- Zeeland Record Company Building
- U.S. National Register of Historic Places
- Interactive map
- Location: 16 South Elm St., Zeeland, Michigan
- Coordinates: 42°48′43″N 86°01′00″W﻿ / ﻿42.81194°N 86.01667°W
- Built: 1925
- Built by: Peter Brill, John Hamer
- Architectural style: Commercial brick
- NRHP reference No.: 100012502
- Added to NRHP: January 8, 2026

= Zeeland Record Company Building =

The Zeeland Record Company Building is commercial building located at 16 South Elm Street in Zeeland, Michigan, United States. It was listed on the National Register of Historic Places in 2026.

==History==
The Zeeland Record newspaper began operation in 1893 as the Zeeland Enquirer. It was renamed in 1896, but the paper struggled during its first few years as advertising dollars were scarce. The paper passed through multiple owners and multiple buildings, and by the late 1900s was growing in circulation. In 1908, Adrian and William Van Koevering purchased the paper. In 1911 the business moved into 14 S. Elm Street. William Van Koevering died in 1917, leaving Adrian Van Koevering as owner of the paper. By the 1920s, however, the space was growing cramped, and in 1925 the Zeeland Record constructed a new building next door at 16 S. Elm.

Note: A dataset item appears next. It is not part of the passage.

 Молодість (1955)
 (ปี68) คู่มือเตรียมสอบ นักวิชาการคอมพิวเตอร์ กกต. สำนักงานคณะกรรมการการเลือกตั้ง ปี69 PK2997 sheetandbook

With the additional space, the newspaper purchased new printing equipment, and was able to print other products such as magazines and pamphlets. The Great Depression, however, substantially reduced revenue. In 1947, Adrian Van Koevering sold the paper to his two sons, and the Van Koevering continued to own the paper and operate it out of the building at 16 South Elm Street until well into the 21st century. In 2024, the Detroit Legal News Publishing Company purchased the paper and took over publication. The building was sold to local contractor Midwest Construction Group, who remodeled the building and moved their offices into the building in late 2024.

==Description==
The Zeeland Record Company Building is a single story brick building with a flat roof. The front facade is clad with reddish brown brick, and other sides are clad with cream colored brick. The front facade is symmetrical. Piers are located at each corner, and a central entrance is recessed within an alcove. On each side of the entrance are tripartite windows similar to the Chicago style. A parapet runs across the roofline.